In Italia gli illustratori scientifici sono davvero pochi. “Colpa del disinteresse generale per la cultura scientifica”, aggiunge Danovaro. “Negli Stati Uniti, per esempio, le cose sono diverse: i testi che mi sono stati commissionati dall’Università del North Carolina sono stati illustrati da professionisti esperti della stessa università”.
Neanche Tangherlini, che si è formato alla scuola di disegno anatomico di Bologna e che illustra le pagine dedicate alle scienze di molte testate italiane (Panorama, Corriere della Sera), se la sente di definirsi “disegnatore scientifico”: “Non esiste una formazione professionale specifica nel campo dell’illustrazione scientifica. Oltretutto se facessi solo quello in Italia lavorerei pochissimo”. Impossibile, infatti, competere con la popolarità di tabelle, grafici e schemini, e anche quando l’articolo è destinato a riviste internazionali la veste grafica difficilmente va oltre a qualche istogramma e a fotografie di scarsa qualità.
Eppure ci sono argomenti che vanno a braccetto con matita e colori (virtuali, visto che i disegni sono realizzati al computer): l’anatomia per prima, ma anche la biologia, la zoologia, la botanica o l’astronomia. Escluse dalle pubblicazioni scientifiche, queste illustrazioni invece sono bene accolte nei manuali universitari. “Un tempo agli scienziati, da Aristotele a Linneo, veniva insegnato a disegnare. Perché nel ricostruire l’immagine di un pesce o di una parte del corpo umano si otteneva una conoscenza immediata dei dettagli”, dice Danovaro.

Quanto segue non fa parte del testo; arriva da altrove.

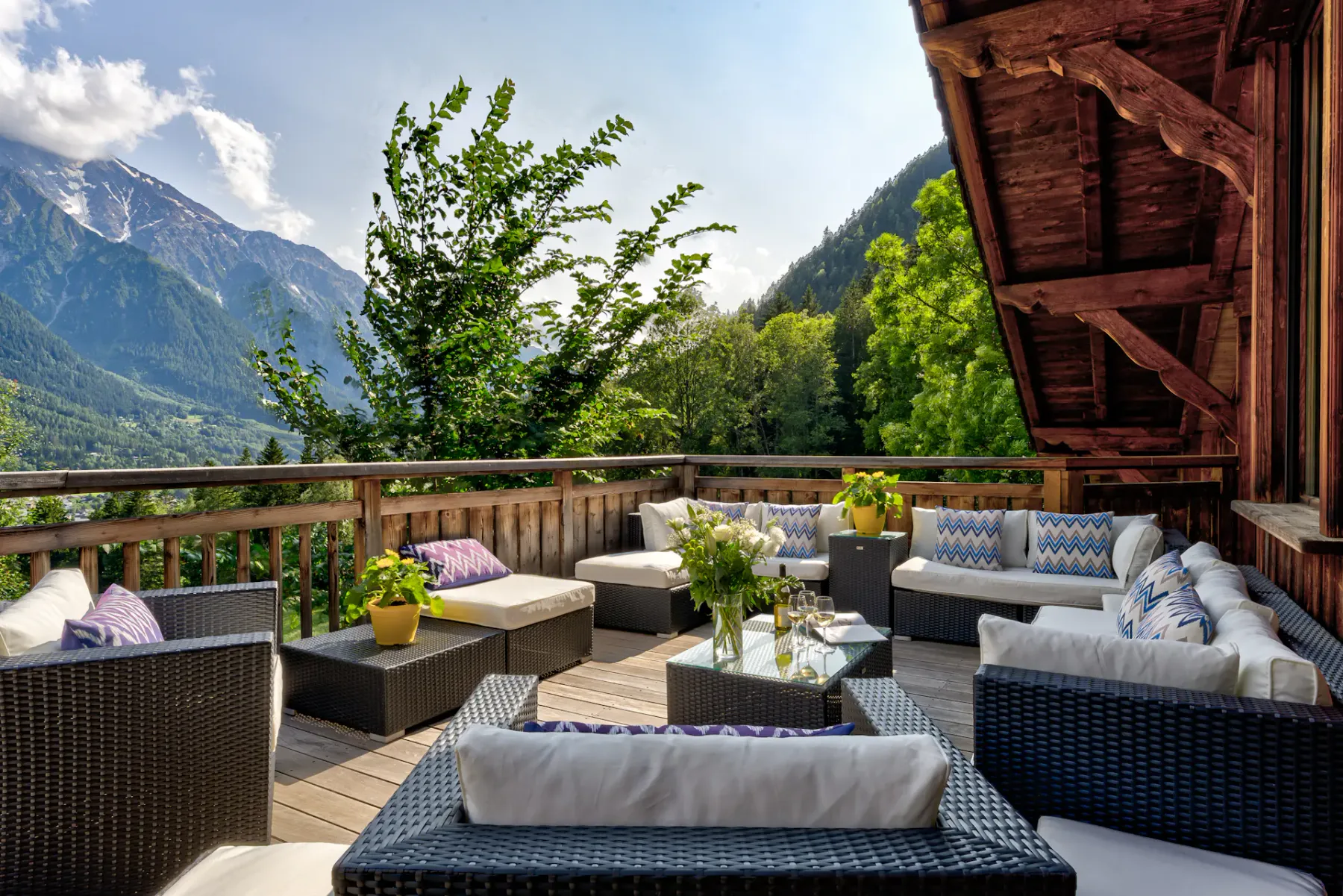A wooden mountain-view terrace features wicker seating, patterned cushions, potted plants, and a glass coffee table.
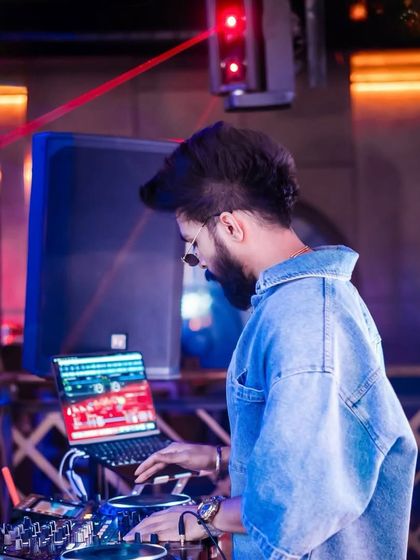 A side profile shot of me focused on my laptop and mixer. This is where I line up the next banger to keep the party going.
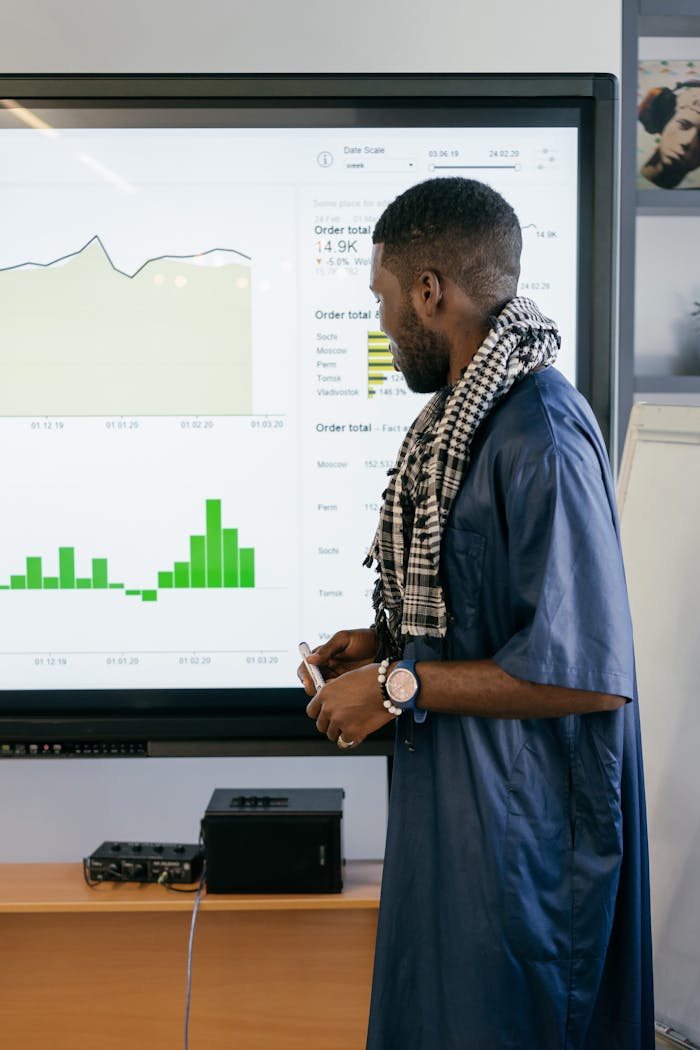 Professional analyzing graphs on a screen in an office. Business meeting concept.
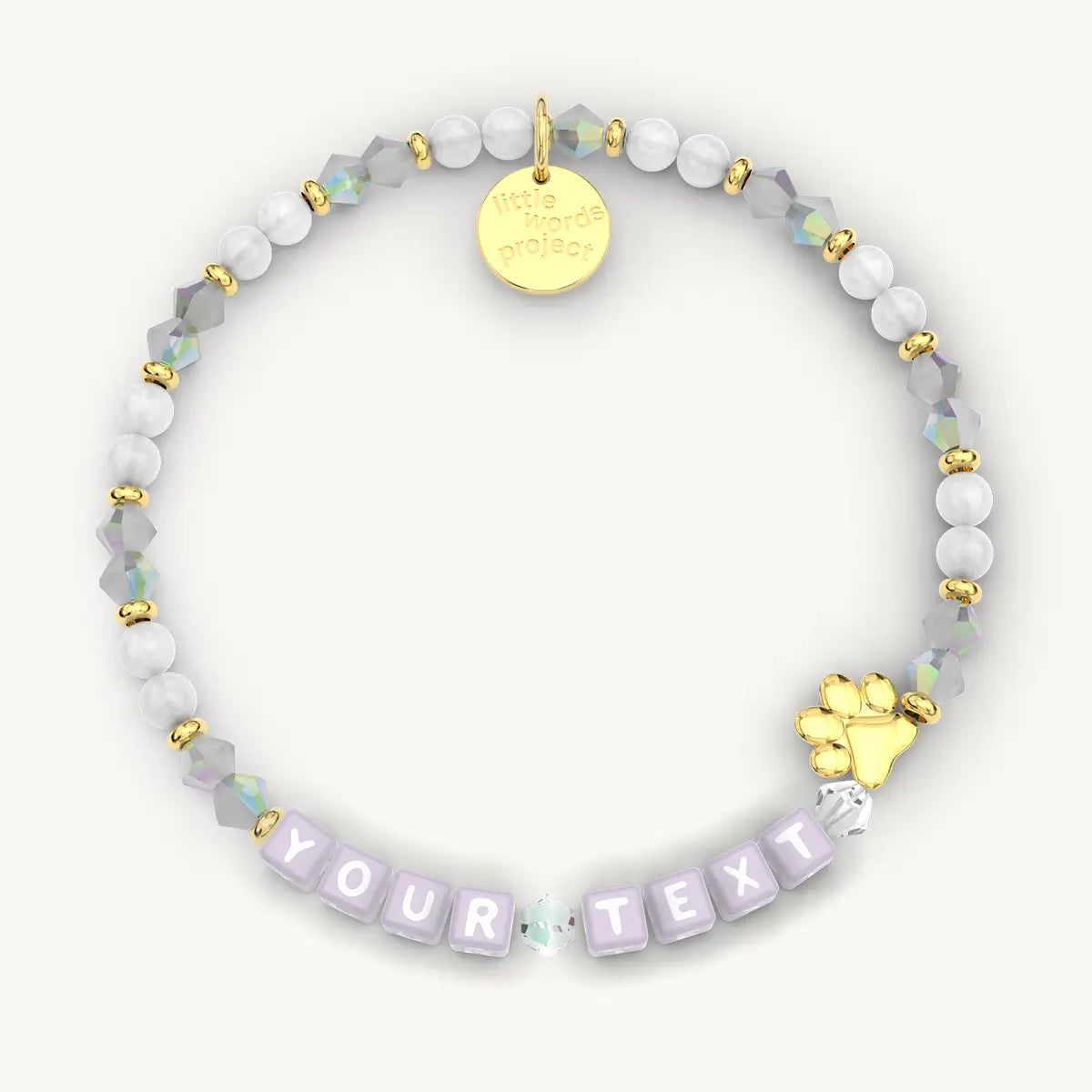 Personalized beaded bracelet with gold accents and 'YOUR TEXT' message on a white background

Lo sanno bene illustratori come Tangherlini che hanno appreso a disegnare manualmente quando ancora non si faceva uso di computer, dosando in maniera assai precisa anche i colori. “Per il muscolo umano era permesso usare solo un particolare punto di magenta. Questo tipo di formazione permette di mantenere un’attenzione meticolosa nel curare i dettagli”. Ma ci sono altri casi in cui ricorrere alla matita è quasi d’obbligo: “Per illustrare il processo che avviene all’interno di un atomo, o per descrivere la catena di interazioni simultanee sulla superficie di una molecola è necessario affidarsi ad un disegno”, dice Alison Abbott. Insomma la scienza, se vuole, sa come sedurre un’artista.